Most commonly used as a key ingredient in curry dishes and yellow mustard, turmeric has a long history of medicinal use in both Ayurvedic and Chinese medicine. Turmeric has most recently made headlines as result of its potent anti-inflammatory properties, especially for arthritis pain relief. Recent research has also shown that the natural plant compounds found in turmeric actually stabilize cells on the molecular level and make them more resistant to disease.

Tumeric is also beneficial for digestion, aiding in the breakdown of fats, and helping to eliminate excess gas. An additional benefit of turmeric is its ability to purify the blood and rejuvenate and detoxify the liver.

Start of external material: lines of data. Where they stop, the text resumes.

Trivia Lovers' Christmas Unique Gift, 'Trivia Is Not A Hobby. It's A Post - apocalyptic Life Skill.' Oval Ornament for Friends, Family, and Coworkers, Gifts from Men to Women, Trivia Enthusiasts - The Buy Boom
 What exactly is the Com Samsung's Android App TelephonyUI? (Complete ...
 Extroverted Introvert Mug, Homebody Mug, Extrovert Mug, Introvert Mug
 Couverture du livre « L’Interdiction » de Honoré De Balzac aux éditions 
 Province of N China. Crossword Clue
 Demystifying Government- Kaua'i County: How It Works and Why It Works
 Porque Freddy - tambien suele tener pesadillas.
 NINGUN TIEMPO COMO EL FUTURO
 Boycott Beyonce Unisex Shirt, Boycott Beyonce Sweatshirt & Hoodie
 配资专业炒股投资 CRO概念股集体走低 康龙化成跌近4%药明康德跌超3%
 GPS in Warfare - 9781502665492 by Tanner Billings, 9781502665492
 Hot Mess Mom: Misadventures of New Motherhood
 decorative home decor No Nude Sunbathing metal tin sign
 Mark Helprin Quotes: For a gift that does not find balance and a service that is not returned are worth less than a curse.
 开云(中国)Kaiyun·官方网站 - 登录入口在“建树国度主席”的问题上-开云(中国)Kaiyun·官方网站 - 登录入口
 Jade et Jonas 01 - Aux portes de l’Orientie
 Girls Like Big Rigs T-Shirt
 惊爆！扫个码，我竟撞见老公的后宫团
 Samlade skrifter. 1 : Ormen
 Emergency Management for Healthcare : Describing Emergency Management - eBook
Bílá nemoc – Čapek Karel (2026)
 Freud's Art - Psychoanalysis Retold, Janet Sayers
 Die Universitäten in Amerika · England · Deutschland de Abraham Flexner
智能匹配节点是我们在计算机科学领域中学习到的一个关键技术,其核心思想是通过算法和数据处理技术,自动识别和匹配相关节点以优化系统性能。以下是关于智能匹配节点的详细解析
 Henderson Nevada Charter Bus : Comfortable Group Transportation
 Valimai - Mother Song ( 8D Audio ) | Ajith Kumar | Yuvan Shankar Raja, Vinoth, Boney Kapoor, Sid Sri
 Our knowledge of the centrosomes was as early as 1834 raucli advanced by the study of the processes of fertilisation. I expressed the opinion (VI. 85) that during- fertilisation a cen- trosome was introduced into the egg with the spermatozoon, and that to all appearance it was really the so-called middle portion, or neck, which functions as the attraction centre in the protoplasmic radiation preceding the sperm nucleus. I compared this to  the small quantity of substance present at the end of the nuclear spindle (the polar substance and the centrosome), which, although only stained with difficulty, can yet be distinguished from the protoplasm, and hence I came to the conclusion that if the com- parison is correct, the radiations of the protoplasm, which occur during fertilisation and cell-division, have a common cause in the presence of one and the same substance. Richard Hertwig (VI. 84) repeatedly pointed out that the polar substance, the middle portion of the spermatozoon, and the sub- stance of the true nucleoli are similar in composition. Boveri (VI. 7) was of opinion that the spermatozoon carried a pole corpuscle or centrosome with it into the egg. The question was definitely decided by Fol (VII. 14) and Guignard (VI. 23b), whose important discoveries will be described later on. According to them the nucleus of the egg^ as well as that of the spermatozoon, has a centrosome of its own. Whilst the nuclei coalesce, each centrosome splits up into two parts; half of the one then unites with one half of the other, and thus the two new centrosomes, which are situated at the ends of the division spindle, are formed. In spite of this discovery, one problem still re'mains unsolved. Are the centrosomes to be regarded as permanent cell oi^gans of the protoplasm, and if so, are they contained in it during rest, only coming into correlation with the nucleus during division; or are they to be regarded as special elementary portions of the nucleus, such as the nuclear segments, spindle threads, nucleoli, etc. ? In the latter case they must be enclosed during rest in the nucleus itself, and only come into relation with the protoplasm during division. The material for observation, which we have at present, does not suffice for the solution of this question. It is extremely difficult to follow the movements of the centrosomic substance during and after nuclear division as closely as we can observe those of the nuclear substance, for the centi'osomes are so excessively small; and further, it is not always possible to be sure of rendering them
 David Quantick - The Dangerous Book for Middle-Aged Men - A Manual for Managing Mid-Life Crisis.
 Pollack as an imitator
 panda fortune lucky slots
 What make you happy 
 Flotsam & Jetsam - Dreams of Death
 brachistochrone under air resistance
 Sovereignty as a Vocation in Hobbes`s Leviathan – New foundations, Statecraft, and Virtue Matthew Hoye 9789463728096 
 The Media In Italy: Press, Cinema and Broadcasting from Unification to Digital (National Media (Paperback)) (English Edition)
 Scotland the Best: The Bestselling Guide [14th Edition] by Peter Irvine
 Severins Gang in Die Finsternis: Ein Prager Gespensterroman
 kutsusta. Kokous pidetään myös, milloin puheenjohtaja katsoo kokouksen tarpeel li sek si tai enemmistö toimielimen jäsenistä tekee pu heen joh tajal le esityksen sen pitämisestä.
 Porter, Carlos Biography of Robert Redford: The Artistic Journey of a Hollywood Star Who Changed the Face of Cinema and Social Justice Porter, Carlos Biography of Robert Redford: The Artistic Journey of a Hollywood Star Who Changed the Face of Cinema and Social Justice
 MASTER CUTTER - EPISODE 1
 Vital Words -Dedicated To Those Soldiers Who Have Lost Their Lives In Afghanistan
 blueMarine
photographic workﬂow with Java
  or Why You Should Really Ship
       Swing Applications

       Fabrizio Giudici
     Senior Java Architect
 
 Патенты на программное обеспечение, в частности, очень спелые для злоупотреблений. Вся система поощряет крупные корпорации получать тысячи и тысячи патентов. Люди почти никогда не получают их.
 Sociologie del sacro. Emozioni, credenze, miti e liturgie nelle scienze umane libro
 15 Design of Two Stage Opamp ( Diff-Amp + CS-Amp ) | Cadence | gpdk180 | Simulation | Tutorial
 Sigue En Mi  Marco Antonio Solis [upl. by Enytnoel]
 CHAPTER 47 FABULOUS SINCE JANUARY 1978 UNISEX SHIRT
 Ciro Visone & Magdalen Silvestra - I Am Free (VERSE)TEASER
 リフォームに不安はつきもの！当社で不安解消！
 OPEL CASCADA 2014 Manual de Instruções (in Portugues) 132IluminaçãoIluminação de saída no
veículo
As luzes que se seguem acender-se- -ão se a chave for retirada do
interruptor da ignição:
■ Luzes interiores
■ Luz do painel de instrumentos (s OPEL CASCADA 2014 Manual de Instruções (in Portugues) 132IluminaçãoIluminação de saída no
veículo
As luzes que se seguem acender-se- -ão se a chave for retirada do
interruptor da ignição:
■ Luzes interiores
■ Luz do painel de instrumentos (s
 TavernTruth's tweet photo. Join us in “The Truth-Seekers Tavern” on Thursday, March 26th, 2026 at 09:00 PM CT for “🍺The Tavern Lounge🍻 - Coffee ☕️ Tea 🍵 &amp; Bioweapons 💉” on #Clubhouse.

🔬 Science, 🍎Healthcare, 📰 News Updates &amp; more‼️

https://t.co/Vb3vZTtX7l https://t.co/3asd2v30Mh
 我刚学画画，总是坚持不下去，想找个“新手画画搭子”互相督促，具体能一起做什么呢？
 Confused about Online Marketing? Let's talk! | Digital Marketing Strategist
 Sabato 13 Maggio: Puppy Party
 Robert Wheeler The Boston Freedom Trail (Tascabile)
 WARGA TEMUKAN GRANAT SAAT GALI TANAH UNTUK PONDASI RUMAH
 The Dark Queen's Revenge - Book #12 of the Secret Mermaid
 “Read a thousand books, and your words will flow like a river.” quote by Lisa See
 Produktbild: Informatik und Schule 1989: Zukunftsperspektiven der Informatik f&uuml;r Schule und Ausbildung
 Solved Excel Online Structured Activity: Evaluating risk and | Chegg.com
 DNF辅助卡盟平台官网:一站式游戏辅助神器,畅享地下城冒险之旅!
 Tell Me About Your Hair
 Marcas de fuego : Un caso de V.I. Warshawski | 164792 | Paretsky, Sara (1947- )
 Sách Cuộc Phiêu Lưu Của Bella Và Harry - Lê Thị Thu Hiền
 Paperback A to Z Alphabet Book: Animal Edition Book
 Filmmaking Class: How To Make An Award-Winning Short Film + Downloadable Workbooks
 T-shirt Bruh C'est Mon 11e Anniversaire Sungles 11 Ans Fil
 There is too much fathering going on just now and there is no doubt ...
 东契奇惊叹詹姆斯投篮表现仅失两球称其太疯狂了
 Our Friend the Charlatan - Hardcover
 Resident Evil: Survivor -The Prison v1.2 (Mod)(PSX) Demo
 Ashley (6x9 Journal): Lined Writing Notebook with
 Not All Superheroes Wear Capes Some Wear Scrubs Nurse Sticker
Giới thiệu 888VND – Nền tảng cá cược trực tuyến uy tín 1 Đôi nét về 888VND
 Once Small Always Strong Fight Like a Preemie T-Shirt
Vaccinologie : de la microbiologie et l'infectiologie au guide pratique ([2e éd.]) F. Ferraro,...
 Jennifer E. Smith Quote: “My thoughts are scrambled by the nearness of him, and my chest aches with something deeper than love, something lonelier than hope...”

How to Use: Experimenting with curry recipes and a liberal use of yellow mustard will allow you to experience some of the benefits of turmeric. For a more consistent and standardized dose of this healing herb, seek it out in a supplement form—ideally organic and encapsulated in veggie caps.

Ginger is part of the same plant family as turmeric, so it’s not surprising that it also possesses a multitude of healing benefits. Ginger was so important in some ancient societies that actual wars and dynasties revolved around it. Ginger has too many benefits to list them all here, but some of the most important ones are: reducing inflammation and pain; promoting cardiovascular health; improving digestion; inhibiting tumor growth, and promoting circulation. Ginger can dramatically help nausea and vomiting (even for severe cases, such as those resulting from chemotherapy.) In cold and flu season, ginger should be an essential part of your health arsenal for warding off coughs and mucus.

In fact, there are so many benefits of ginger that modern scientists are continually discovering new ones in their research.

How to Use: Fresh ginger is best; for strong medicinal benefits, try making your own homemade fresh ginger tea You can also juice ginger in combination with other vegetables. Fresh grated ginger is delicious when added to a salad. Dried or fresh grated ginger can also be added to many recipes, such as oatmeal, soup, dahl and stir fry. Ginger is also available in a supplement form.

Though inexpensive, tasty and readily available, cumin carries a powerful punch when it comes to health benefits.

Cumin is helpful for increasing insulin sensitivity, which is very important for those suffering from Type II diabetes or pre-diabetes. Cumin also helps with asthma symptoms by relaxing the airways. Cumin aids digestion and reduces blood cholesterol and triglycerides. Like turmeric, cumin is also highly beneficial for the liver. Cumin even helps boost the immune system. The antioxidant properties of cumin are even more powerful than vitamin C.

How to Use: Cumin goes well with many types of food, including American, Mexican, Indian, Mediterranean and Asian. It is an essential ingredient of bean chili and can also be used in all kinds of soups, dahls, stir fries, and salad dressings.

So boost your health and please your palate by incorporating healing spices in your daily diet. For optimal results, choose organic, non-irradiated spices. Keep larger quantities fresh by storing in the freezer or buy smaller quantities more frequently.